Schemes will be extended into areas affected by serious violence, Jeremy Wright, Secretary of State for Digital, Culture, Media and Sport, said yesterday as he chaired a roundtable with sports minister Mims Davies, as part of the Prime Minister's Serious Youth Violence Summit.

It brought together sports bodies, charities and creative organisations to discuss solutions to the problem.

Wright said he wanted to "harness the power" of sport - such as basketball, boxing and cycling - to engage young people and encourage them to "choose positive activities that build confidence and key skills", instead of crime.

"Sports bodies already do excellent work in the community and we will work with the sector to expand sporting opportunities in youth crime hot spots to reach as many young people as possible," he added.

Organisations including the Premier League pledged to work with the government and the charity sector to extend the reach of their community youth initiatives.
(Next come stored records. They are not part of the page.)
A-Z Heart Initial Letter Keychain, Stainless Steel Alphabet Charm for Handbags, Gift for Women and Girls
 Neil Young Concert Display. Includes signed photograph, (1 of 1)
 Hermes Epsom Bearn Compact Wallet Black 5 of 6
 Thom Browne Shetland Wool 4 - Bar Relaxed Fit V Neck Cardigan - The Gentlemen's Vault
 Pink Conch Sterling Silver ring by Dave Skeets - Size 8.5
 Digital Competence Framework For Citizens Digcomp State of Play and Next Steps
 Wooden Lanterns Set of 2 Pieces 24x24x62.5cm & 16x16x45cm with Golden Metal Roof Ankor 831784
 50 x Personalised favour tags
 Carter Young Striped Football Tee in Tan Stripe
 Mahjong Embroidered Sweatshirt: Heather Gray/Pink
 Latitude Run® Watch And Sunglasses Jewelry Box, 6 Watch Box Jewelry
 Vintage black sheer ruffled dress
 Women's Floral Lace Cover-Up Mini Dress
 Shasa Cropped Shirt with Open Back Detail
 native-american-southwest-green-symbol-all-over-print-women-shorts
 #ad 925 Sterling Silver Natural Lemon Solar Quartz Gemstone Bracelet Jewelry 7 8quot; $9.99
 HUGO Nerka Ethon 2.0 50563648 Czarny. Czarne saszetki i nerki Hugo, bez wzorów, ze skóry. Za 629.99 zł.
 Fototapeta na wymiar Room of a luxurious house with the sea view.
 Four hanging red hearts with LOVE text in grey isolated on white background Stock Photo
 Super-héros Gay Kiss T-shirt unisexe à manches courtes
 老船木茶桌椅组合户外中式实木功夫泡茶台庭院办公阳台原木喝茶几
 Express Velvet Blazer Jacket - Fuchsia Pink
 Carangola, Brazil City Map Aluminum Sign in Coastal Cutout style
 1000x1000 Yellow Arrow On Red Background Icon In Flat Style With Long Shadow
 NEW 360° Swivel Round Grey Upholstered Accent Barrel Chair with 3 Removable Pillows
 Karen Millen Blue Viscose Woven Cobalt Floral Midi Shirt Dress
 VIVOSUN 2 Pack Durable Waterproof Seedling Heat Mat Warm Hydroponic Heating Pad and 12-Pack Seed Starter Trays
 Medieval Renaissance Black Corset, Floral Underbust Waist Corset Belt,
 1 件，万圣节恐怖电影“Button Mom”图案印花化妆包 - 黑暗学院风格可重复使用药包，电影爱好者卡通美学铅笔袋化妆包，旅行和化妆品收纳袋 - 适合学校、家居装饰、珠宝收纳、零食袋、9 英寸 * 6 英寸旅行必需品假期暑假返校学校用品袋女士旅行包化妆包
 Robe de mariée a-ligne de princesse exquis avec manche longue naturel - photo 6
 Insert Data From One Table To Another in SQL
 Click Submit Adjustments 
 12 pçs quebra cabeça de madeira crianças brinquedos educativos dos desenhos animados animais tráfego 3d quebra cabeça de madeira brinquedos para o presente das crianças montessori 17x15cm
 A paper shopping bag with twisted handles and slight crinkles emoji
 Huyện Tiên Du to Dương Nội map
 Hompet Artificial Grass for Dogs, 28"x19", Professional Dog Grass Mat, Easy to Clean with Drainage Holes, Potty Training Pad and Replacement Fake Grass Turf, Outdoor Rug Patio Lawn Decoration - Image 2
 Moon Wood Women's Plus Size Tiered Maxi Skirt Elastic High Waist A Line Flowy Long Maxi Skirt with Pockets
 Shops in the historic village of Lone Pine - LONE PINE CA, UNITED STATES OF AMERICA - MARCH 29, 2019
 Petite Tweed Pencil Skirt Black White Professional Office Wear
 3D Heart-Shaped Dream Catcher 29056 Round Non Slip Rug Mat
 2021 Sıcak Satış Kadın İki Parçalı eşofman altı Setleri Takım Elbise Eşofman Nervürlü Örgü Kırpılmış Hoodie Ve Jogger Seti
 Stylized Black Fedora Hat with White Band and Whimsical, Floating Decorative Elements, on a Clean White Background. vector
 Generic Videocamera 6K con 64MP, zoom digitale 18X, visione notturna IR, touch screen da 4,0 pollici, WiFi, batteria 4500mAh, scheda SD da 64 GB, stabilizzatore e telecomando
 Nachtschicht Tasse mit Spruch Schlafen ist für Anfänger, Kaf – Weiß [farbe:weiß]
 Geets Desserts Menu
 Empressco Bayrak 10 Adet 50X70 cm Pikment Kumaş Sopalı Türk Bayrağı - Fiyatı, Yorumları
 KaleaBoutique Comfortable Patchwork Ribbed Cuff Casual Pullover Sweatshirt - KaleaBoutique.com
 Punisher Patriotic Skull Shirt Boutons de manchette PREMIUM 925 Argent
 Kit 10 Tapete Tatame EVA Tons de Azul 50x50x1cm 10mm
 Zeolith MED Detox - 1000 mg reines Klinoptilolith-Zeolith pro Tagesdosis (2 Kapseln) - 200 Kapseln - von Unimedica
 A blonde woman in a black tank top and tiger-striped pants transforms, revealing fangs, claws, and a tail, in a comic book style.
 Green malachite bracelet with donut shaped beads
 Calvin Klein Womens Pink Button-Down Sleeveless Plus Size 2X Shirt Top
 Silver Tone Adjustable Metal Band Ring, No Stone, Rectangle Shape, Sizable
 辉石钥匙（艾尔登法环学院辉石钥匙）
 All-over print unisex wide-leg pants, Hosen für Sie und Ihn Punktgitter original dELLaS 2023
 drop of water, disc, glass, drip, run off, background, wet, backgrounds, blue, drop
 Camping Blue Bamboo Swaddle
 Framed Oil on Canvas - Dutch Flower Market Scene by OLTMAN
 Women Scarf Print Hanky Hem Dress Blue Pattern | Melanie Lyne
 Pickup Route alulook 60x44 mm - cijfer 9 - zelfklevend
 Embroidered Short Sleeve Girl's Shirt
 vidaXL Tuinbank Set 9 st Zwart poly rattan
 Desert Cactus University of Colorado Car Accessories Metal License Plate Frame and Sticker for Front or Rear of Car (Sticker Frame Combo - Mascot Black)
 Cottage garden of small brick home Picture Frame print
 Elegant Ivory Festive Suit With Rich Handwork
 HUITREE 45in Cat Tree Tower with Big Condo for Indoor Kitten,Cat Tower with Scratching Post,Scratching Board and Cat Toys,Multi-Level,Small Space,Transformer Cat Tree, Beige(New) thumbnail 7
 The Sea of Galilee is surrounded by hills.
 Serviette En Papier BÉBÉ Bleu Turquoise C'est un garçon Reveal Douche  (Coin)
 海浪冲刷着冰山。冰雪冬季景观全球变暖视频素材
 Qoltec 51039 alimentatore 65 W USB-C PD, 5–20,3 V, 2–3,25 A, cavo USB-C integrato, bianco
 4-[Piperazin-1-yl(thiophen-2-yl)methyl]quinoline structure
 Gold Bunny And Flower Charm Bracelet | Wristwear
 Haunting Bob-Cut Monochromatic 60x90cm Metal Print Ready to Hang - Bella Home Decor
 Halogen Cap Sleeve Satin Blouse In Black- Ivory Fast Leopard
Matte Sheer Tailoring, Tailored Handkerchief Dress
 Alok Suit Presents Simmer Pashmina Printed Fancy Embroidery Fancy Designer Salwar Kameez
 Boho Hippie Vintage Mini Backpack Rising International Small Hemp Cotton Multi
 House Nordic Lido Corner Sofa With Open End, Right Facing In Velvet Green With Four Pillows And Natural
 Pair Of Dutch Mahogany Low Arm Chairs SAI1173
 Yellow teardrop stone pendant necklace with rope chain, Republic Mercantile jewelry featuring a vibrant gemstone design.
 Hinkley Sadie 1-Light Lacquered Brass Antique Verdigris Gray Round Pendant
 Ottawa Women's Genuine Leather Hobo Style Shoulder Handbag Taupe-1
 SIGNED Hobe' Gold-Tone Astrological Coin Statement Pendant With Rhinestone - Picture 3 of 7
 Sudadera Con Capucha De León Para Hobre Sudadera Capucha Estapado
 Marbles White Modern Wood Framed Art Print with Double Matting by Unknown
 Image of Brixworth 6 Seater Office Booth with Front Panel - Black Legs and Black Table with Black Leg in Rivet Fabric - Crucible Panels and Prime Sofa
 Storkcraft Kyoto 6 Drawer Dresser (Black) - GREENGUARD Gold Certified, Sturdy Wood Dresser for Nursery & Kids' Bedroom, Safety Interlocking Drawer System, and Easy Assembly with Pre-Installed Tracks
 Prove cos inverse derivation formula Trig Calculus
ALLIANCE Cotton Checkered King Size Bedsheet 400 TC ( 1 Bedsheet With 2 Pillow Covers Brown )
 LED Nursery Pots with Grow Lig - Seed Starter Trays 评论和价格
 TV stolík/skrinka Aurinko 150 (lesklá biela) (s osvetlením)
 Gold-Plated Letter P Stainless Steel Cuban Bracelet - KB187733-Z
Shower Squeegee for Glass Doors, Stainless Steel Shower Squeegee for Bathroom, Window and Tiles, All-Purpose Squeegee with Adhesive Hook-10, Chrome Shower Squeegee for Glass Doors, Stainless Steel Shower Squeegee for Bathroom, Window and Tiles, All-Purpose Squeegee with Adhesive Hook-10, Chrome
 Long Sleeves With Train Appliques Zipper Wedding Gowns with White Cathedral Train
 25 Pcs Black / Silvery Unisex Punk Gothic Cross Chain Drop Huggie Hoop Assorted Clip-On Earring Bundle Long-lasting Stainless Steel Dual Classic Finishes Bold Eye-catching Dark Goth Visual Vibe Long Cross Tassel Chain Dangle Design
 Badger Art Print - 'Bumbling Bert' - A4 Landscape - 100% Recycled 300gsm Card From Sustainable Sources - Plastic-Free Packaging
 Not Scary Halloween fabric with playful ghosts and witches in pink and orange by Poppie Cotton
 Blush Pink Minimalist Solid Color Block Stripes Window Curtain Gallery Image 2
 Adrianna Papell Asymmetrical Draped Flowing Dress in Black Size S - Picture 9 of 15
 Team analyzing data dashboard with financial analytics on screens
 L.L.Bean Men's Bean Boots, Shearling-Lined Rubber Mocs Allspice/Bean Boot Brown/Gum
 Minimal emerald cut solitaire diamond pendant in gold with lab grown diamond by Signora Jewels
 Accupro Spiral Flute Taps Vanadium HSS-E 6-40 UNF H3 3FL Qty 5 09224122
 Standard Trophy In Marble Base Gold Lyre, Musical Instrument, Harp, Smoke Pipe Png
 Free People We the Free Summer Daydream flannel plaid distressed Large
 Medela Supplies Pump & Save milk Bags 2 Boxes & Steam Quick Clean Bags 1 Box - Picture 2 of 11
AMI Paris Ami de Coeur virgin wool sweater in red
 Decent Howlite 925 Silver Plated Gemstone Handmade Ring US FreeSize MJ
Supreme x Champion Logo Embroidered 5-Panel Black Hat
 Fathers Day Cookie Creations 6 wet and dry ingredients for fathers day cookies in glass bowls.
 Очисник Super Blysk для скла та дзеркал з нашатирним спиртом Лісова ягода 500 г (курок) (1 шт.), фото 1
Premier League Kicks, which already involves 75,000 young people in community projects, is among the initiatives to be used.

"Working in partnership with a range of government and third-sector organisations we are determined to use our popularity and reach to strengthen local communities," said Premier League executive director Bill Bush.

Sport England has also pledged to increase its £10m spend on crime reduction projects to ensure they reach children in hard-to-reach areas.

This includes boosting the number of its after-school and weekend sports satellite clubs, for 14- to 19-year-olds.

There are already 10,000 of these clubs in operation, offering sports opportunities to half a million young people.

Nick Pontefract, Sport England chief operating officer, added: "Sport builds a sense of community and social trust, provides role models, and new skills that can drive meaningful change. Yet we've only scratched the surface of its potential as a tool to engage young people at risk of being involved in knife crime.

"Now is a crucial time to ask what part sport and physical activity can play in tackling violence."

The Downing Street summit is bringing together more than 100 attendees including young people with experience living in communities impacted by serious violence, as well as law enforcement, health, the voluntary sector, and businesses and education leaders.

Also at the summit home secretary Sajid Javid launched an eight-week consultation over plans to require public sector workers by law to raise concerns about children at risk of knife crime.

This would apply to social workers, teachers and health workers among others.